Additionally, Dillon’s art adds great depth to the issue. This type of story seems to play to his strengths as an artist, as its somewhat down to earth, but with a sprinkling of weird elements thrown in, like Fisk popping some dudes eyes out. So naturally, Dillon’s art fits like a glove for this series, so hopefully we can keep him around for the long run. I especially liked his take on Fisk, in which he had that dead behind the eyes look that not only made him look intimidating, but that he was secretly plotting something. Great stuff.

I’m really dug this issue, as it shows exactly why Jason Aaron and Steve Dillon are two of the best comic creators out there. It also succeeds in helping people move away from crying over Garth Ennis leaving the title, as it shows that The Punisher can still be great without him writing it. A definite must read.

Story: 4 - Very Good
Art: 4 - Very Good


  1. What did you make of the eye-popping? That ruined it for me. As a huge fan of Ennis MAX run (like you) I understand the world this comic exists in — something closer to ours than regular 616. No other superheros etc, a more real world … but the eye popping thing? That was something out of a cartoon. Squeezing a guys head would crush his skull & kill him (not that anyone could even crush a skull with their bare hands). It wouldn’t make his eyes fall out & just be able to walk around like it’s nothing … & then push them BACK in. If this happened in Ennis’ old Punisher run before MAX, I’d get it, & enjoy it, but here? It just doesn’t fit.

    Very disappointing for me, as I had HIGH hopes for this. 

  2. @WadeWilson: MAX or not, it is still fiction.

    I never got past the third softcover of Ennis’ run because I couldn’t dig the artwork very much at all.  I’m so glad Steve Dillon is drawing.

  3. @wade_wilson:

    The almost cartoonish violence is pretty integral to Ennis’ Punisher. While his run wasn’t overly zany on every page, every once in awhile a bizzarly violent scene was stuck in to give a sharp contrast to the real world drama going on in the script. Example: the character Baracuda, or the fact that The Punisher punched out a polar bear! Like I mentioned, what makes this title great is that it stradles a thin line between cartoony and real life.

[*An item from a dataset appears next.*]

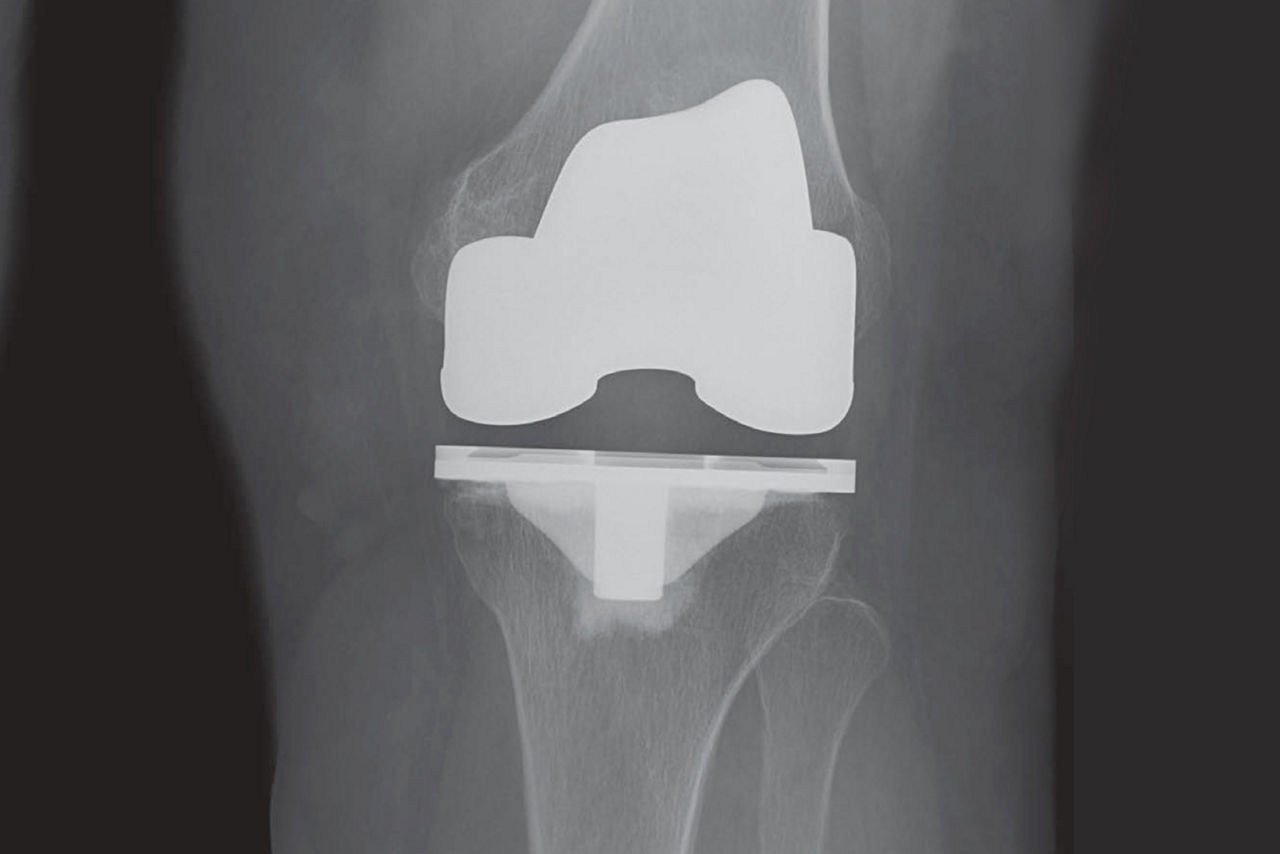 definium-xrf-knee-x-ray-ci-en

  4. @comicBOOKchris- There was two separate phases of Ennis’ MAX — the Welcome Back Frank 30 or so issues, & then the reboot of another 60 + issues. The first 30 issues, was exactly like you said — cartoonish in it’s violence & black humour (this run was where the Polar was punched) & had appearances by Spidey, Wolverine etc.

    The last 60 issue run was completely different tone & set in a totally different universe. Dark, violent & like I said above — set in a more real world like ours where no superheroes exist. This is what I was expecting from Aaron’s Punisher, but now 4 issues in, I see it’s more of the Welcome Back Frank, cartoonish, black humour style. 

    The Barracuda stuff you mentioned, did happen in the 2nd MAX version, & it was pretty over the top, but still at the limits of actually being possible.